Colony development and dynamics of neotropical Bombus atratus

Biology of bumble bees – Bumble bees are a group of bees with more than 250 species worldwide, and are one of the three groups of bees which show a well-developed social behavior. They are present in most bio geographical regions of the world, except the Ethiopian, Australian, and Oceanic regions. The group is especially diverse in the Palearctic and Oriental regions, and is well represented in the new world, especially in the Western Nearctic and Western Neotropical regions. The group was recently organized in 15 subgenera, three of them with species in the neotropics (

The genus Bombus can be separated into long-tongued or short- tongued bumble bees. The long-tongued bumble bees are “pocket makers” while the short-tong ones are “pollen storers”. Pocket-makers place the pollen in receptacles formed near bunches of larvae, while pollen storers put pollen in cells detached from bunches of larvae. This behavioral difference has important implications in terms of rearing. In contrast to the other social bees, Bombus oviposits more than one egg per cell, usually eight eggs, and the cell is subdivided as the larvae growth and mature. Bombus, like Apis, fed the larvae progressively throughout their development. A bumble bee colony is initiated by a solitary queen that produces new worker bees that upon maturity increase the flow of resources to the colony sufficient for the production of the next generation of drones and gynes (future queens) that is the goal of the colony activities.
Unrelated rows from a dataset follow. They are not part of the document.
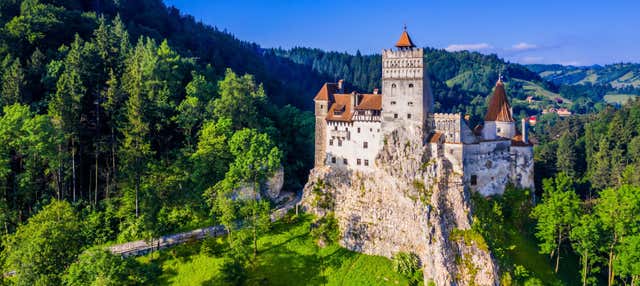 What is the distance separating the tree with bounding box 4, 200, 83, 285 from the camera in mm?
48031

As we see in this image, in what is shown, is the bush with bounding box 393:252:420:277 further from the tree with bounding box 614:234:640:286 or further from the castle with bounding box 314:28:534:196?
the tree with bounding box 614:234:640:286

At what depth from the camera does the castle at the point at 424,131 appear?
6412cm

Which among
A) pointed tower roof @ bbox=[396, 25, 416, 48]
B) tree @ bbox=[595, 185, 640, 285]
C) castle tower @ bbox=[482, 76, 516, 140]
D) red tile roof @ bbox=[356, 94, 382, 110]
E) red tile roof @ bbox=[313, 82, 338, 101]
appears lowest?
tree @ bbox=[595, 185, 640, 285]

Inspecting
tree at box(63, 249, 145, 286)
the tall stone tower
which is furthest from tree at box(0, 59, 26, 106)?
the tall stone tower

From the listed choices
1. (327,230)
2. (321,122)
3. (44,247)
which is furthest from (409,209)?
(44,247)

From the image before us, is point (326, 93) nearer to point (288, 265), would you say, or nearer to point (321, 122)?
point (321, 122)

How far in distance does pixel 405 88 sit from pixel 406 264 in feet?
71.2

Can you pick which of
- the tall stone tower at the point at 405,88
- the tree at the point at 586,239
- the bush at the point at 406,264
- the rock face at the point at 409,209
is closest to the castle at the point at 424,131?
the tall stone tower at the point at 405,88

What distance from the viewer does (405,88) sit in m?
66.4

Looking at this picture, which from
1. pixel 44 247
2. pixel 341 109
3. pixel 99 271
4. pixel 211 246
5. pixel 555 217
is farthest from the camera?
pixel 341 109

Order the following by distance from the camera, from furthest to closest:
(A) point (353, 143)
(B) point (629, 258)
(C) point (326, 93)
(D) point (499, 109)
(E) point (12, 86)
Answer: (C) point (326, 93)
(E) point (12, 86)
(A) point (353, 143)
(D) point (499, 109)
(B) point (629, 258)

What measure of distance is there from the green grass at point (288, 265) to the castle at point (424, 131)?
488 inches

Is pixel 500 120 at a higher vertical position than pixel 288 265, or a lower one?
higher

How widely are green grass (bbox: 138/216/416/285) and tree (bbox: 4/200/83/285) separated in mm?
10352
Bumble bees are important pollinators of crops and some species have been commercially reared and introduced to many countries. The most common commercially reared species is the short-tongued, pollen storer, paleartic Bombus terrestris ,which had been introduced to many countries for green house tomato pollination. In 2004, an estimated million colonies were distributed around the world, mainly for tomato pollination. The value of those pollinated crops for that year was €12000 million. Other important reared species are B. occidentalis and B. impatiens which have been used in USA, Canada and México, and B. lucorum and B. ignitus in China and Japan. All of the commercially reared species except B. ruderatus are short-tongued bumblebees. B. ruderatus is a long-tonged,”pocket maker” species that was introduced from England to New Zealand, and from there to Chile, and is important for red clover production.

Long-tongued bumble bee species such as B. ruderatus are used to pollinate crops with long corollas , but the demand for colonies greatly outnumbers the actual production.
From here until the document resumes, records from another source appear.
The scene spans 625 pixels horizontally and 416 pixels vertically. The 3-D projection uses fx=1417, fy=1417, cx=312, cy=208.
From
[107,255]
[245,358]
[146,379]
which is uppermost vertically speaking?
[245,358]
Modeling the dynamics of Bombus atatusB. atatus is a long-tongued bee, which is widely distributed in South America, and has been successfully reared, and shows good potential for pollination of tomato pollination, Solanum quitoense and traditional horticultural crops such as strawberries and blackberries. It is also common in red clover in the Colombian highland savannas. An important characteristic of B. atatus is that it adapt well to disturbed landscapes. Historically, four B. atatus species occurred in the urban environment of Bogotá city and its surrounding grasslands. Today, after the native vegetation was highly replaced by pastures for cattle growing, only B.atratus has survived, in spite of the active suppression of their nests by the farmers. The other three species described in the 1938 paper: B. hortulanus, B. robustus, and B. rubicundus, are found in the mountains around the city, and no longer in the grasslands.

In Colombia, Bombus atratus can be found from 150 to 3500 m of altitude (Ospina et al. 1987). In other countries the distribution is also broad; in Bolivia it is found from Beni in the Amazon to La Paz; in Argentina in the northern part of the country and the Andes and in Brazil from Rondonia in the Amazon basin to the southern states.
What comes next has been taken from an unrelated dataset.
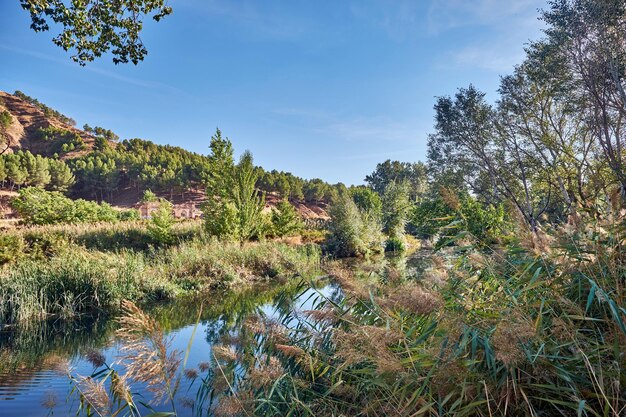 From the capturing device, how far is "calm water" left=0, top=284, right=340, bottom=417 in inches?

Besides the solitary and eusocial phases characteristic of all Bombus species, B atratus colonies can be perennial in the tropical and subtropical range of its distribution, including the high Andes, showing alternation between monogynic, poligynic , orphan and inactive cycles (Zucchi, R., 1973; Silva-Matos y Garófalo. 1995; González et al. 2004). According to Cameron and Jost (1998), in the southern range of its distribution, the queens can get into diapause. The wide distribution of this species can be helpful for studying basic ecology principles as, for example, the influence of abiotic factors on behavior (see Milliron, 1973). In wild conditions, the immature developmental time can vary between 26 and 30 days, depending on both, altitude and latitude (González et al. 2004).

After mating, the founder queen initiates a nest, but to do this she must forage for nectar and pollen she uses for respiration, maturing eggs and to building cells, for progeny production, and to feed the first batches of larvae of diploid worker bees When adult workers emerge in the colony, they take over the activities of cell building, feeding of larvae and the queen, thermoregulation and cleaning the colony. Once the colony is well established queen are thought to switch to the production of sexual forms (gynes and drones). Gynes like workers are diploid but the larvae rearing period is longer allowing gynes to grow bigger than workers are. Drones are haploid and are similar in weigh to workers. Gynes and drones leave the colony to mate, and some of mated gynes (i.e. new queens) successfully start colonies to complete the cycle.

For the ongoing modelling work, our focus has been Bombus atratus. The data comes from a large number of data sets (≈ 40), and from laboratory to field rearing.